Piwuna further maintained that the strike action by the lecturers remains unshakeable and that those universities who announced their resumptions were still under lock and key.

Recall that Ekiti State University, Ado-Ekiti asked its students to resume for academic activities on Thursday, September 22 and had even published second semester examination time-table.

In the same vein, Imo State University, Owerri recently announce that the institution was pulling out of ASUU strike according to a statement by Njoku.

Read also: ASUU strike: The way forward for Nigerian students

However, Piwuna questioned the authencity of the IMSU’s spokesperson to speak for ASUU when he is not even a member of the union.

“Is the PRO of the university a member of our union? Does he have the mandate to speak for our members? Did we consult with him or his VC (Vice Chancellor) before we embarked on the action? They are incurable interlopers. “They said the same thing about Gombe State University, Yobe State University, Kaduna State University, and the rest. Those institutions are still under lock and key,” he said.

The lingering impasse between ASUU and the federal government seems to be dividing the tertiary intuitions stakeholders and Nigerians as a whole.

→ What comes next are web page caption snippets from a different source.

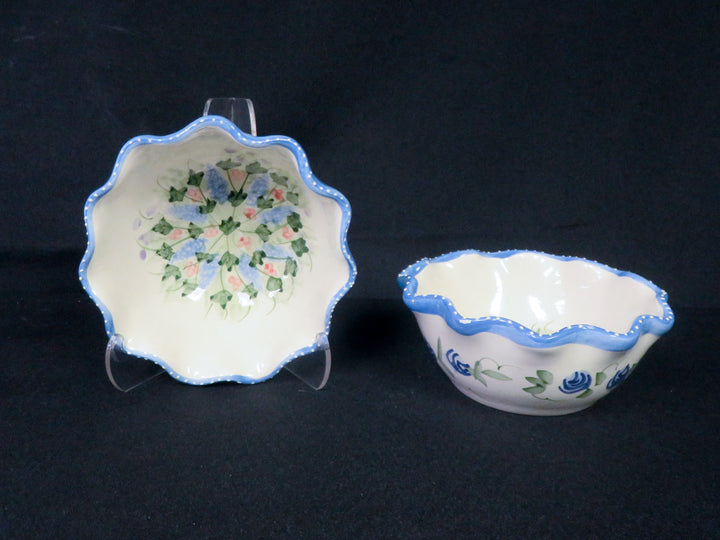 Art Pottery Blue and Cream Bowls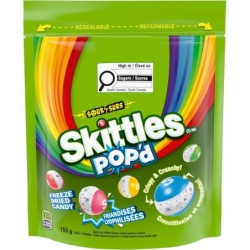 Skittles Pop'd Freeze Dried Candy Sour Flavour USA ( 8 x 155g)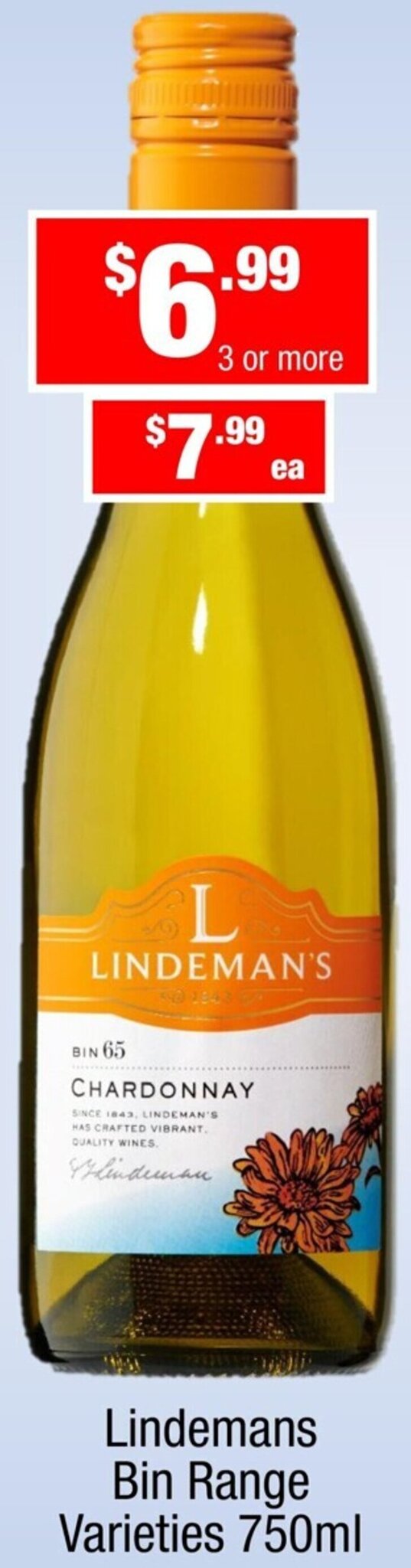 Lindemans bin range varieties 750ml offer at Liquor Stax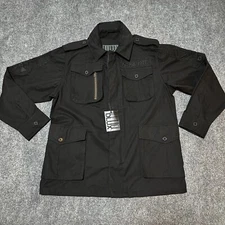 NEW Dlux Jacket Mens Large Black Hooded Full Zip Collared Flap Pocket 79771 Logo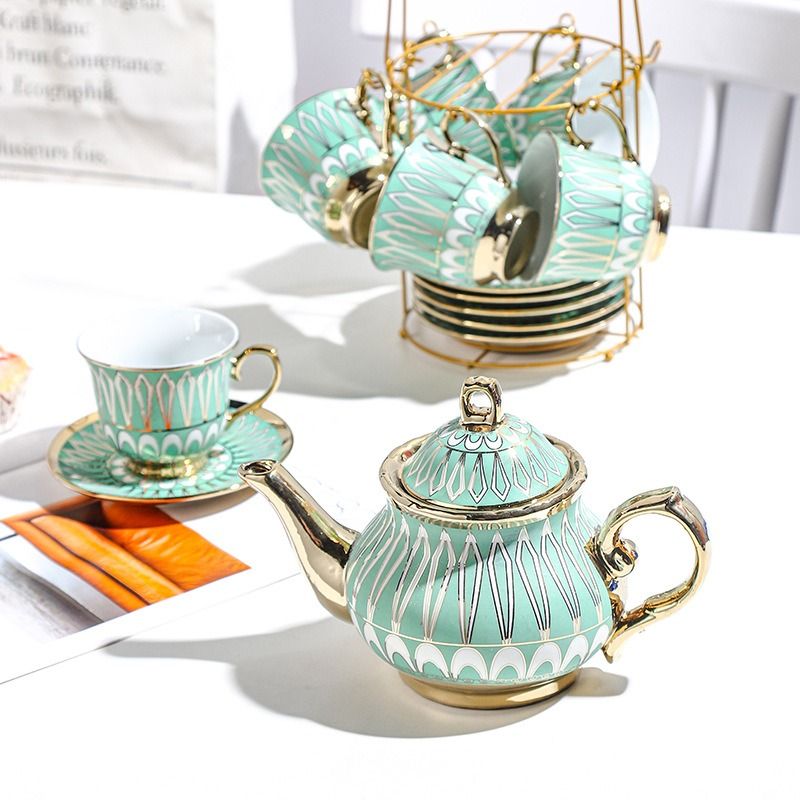 TEA SET XANH BLUE, NGỌC LỤC BẢO VÀ HỒNG MARBLE
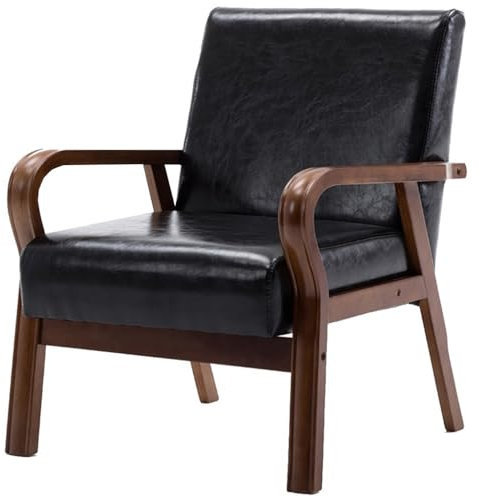 Sessel Mid-Century Modern grüner Akzentstuhl mit Armlehnen - Loungesessel mit Holzgestell und weichem Kissen, PU-Leder gepolstert für Wohn- und Schlafzimmer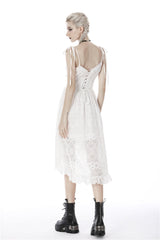 White Floral Lace Lace-Up Women's Steampunk Slip Cocktail Dress - Product - 4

The federal government recently dragged ASUU to the Industrial Court demanding that the striking lecturers should go back to work while negotiations continue.

And on Wednesday, September 21, the court rule in favour of the federal government, asking ASUU to return to the classroom as employees cannot be on strike while their case is in court.

However, ASUU has decided to appeal the judgement and has insisted on continuing with the strike until its demands are met.